DATA SHOWN:
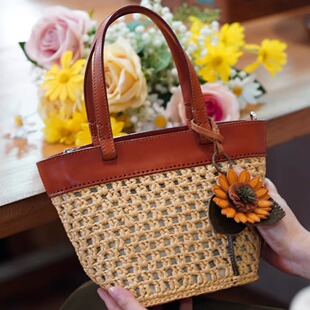 MBOX皮草编手提包  植鞣牛皮手缝斜挎拼接百搭简约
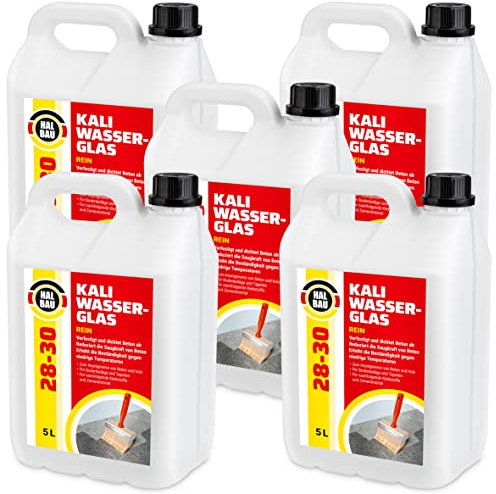 HALBAU Kaliwasserglas 28-30 Rein 25 Liter Kali Wasserglas, Haftgrund, Beton Versiegelung, Holz Imprägnierung, Verkieselung, Mauerabdichtung, Betonschutz, Holzschutz
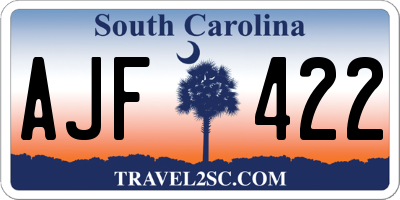 SC license plate AJF422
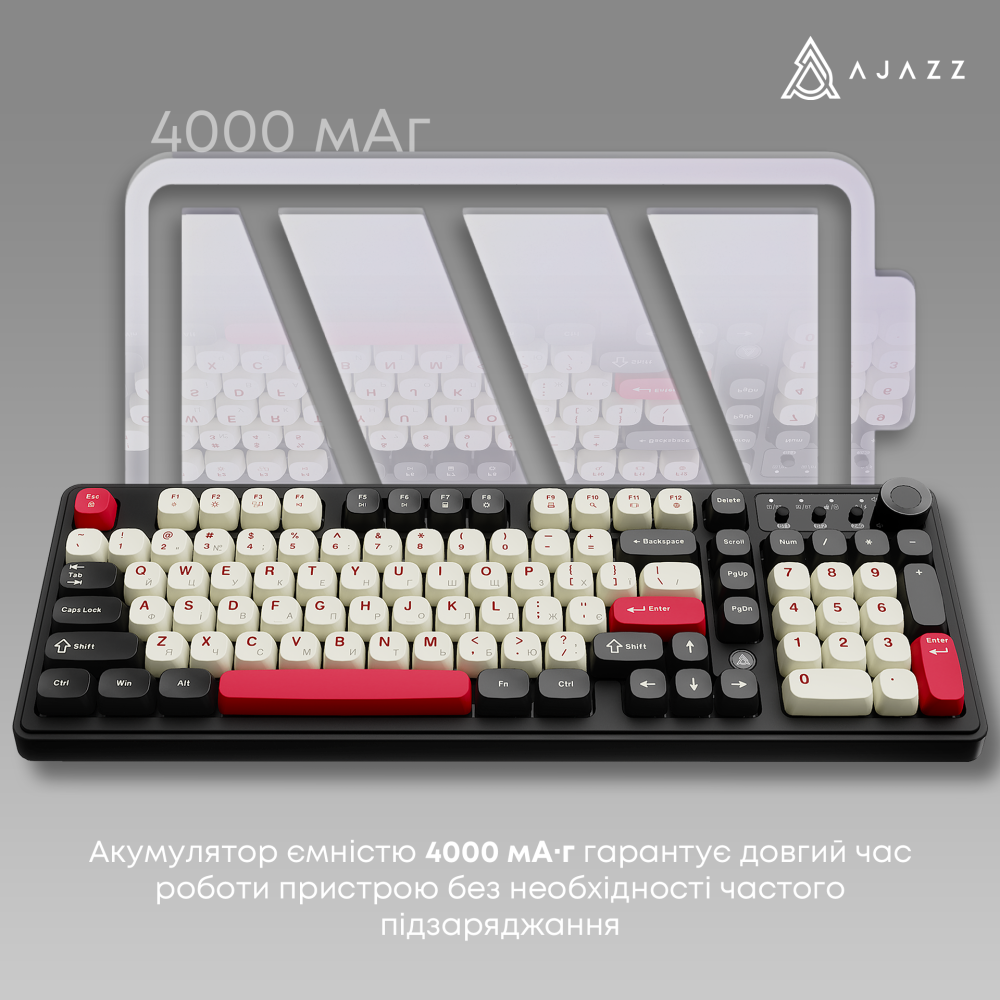 Бездротова клавіатура Ajazz AF98 PLUS Black Shark Red (AF98-PLUS-BSR)
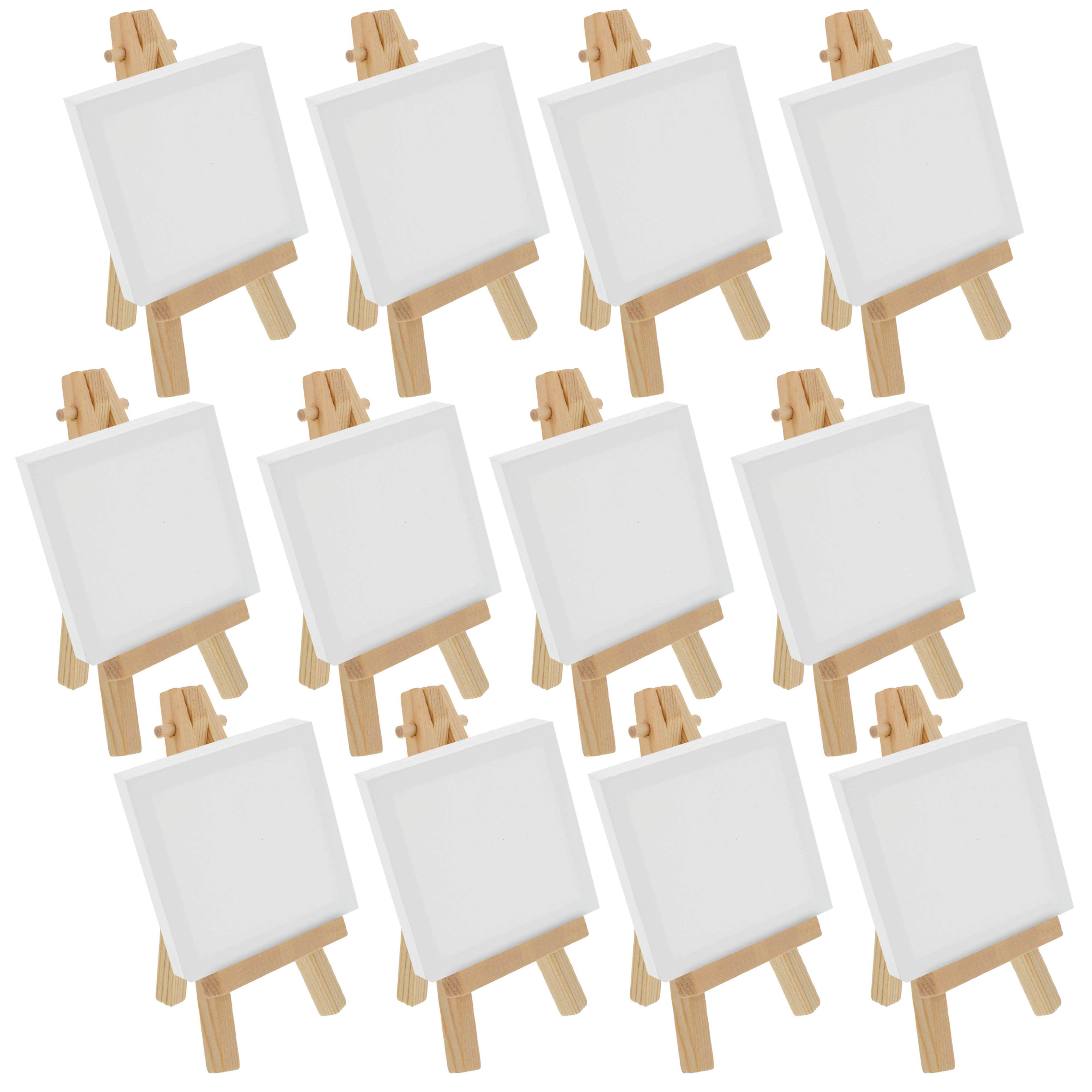 12 Pack U.S. Art Supply 2" x 2" Stretched Canvas with 5" Mini Natural Wood Display Easel Kit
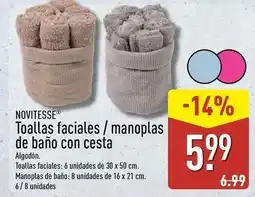 ALDI Novitesse - toallas faciales / manoplas de baño con cesta oferta
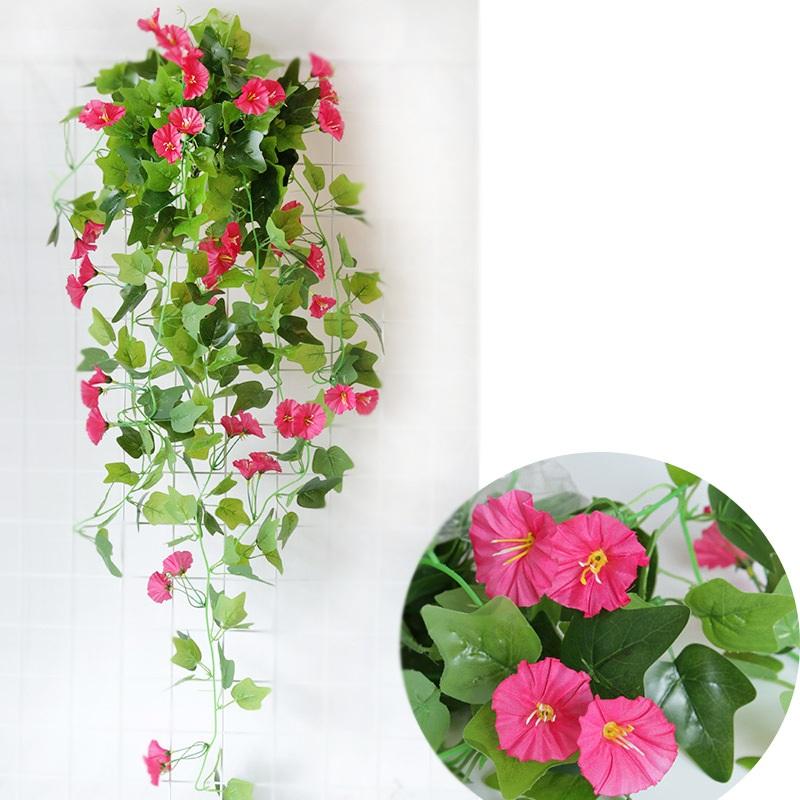 Dark pink artificial hanging pothos vine with flowers for wall balcony living room decor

WHAT YOU HAVE TO DO: Could you output the lines above exactly, with no pictures included?

RESULT OF THE TASK:
 MBOX皮草编手提包  植鞣牛皮手缝斜挎拼接百搭简约
 HALBAU Kaliwasserglas 28-30 Rein 25 Liter Kali Wasserglas, Haftgrund, Beton Versiegelung, Holz Imprägnierung, Verkieselung, Mauerabdichtung, Betonschutz, Holzschutz
 SC license plate AJF422
 Бездротова клавіатура Ajazz AF98 PLUS Black Shark Red (AF98-PLUS-BSR)
 12 Pack U.S. Art Supply 2" x 2" Stretched Canvas with 5" Mini Natural Wood Display Easel Kit
 ALDI Novitesse - toallas faciales / manoplas de baño con cesta oferta
 Dark pink artificial hanging pothos vine with flowers for wall balcony living room decor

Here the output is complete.